On this page is my latest achievement in cycling. A number of days ago, I took part in the Halton GranFondo, it was a 140-kilometre ride that took just short of six hours. In all honestly, I hadn’t been riding that much this summer and there are many other things ongoing that require more of my attention, but this was a weekend I had been looking forward to for months. The ride itself could not have gone better, and the weather cooperated. For those of my cycling friends who read this blog, you can follow me on Strava or Garmin to get even more metrics.

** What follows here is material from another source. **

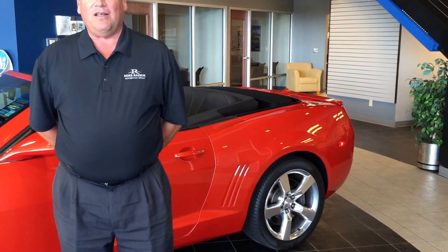It comes equipped with the L99 engine, 6.2 liter, 400 horsepower, 410 foot-pounds of torque, and what that means to you is you can get down the road in style and get to your destination when you really want to.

The important thing here that I quickly touch on is the concept of positive visualization. When you think or believe that you are able to accomplish sustainability (in home, community, city, etc.), there will most definitely be a way forward and obstacles become tests along the way that galvanizes your ideals. In addition to positive visualization, you draw on your past experiences with similar circumstances and situations to educate yourself on possible troubles ahead and devise potential solutions. This way, you are not bogged down by every single problem and you don’t lose momentum. I know this sounds like a whole lot of bull but I am still riding an endorphin high from the ride and I feel it is a note that need to spit out and post immediately.

As this is the first posting of the old-but-new site, please everyone, take a moment to comment and give suggestions on the way forward to leedingthoughts.com


Posted in Political Willingness, Positivity | Leave a comment


I had been stuck on one particular article for some months now…I haven’t been not posting, but the work required to create an article was more time than I could realistically devote. I realized that something had to give tonight.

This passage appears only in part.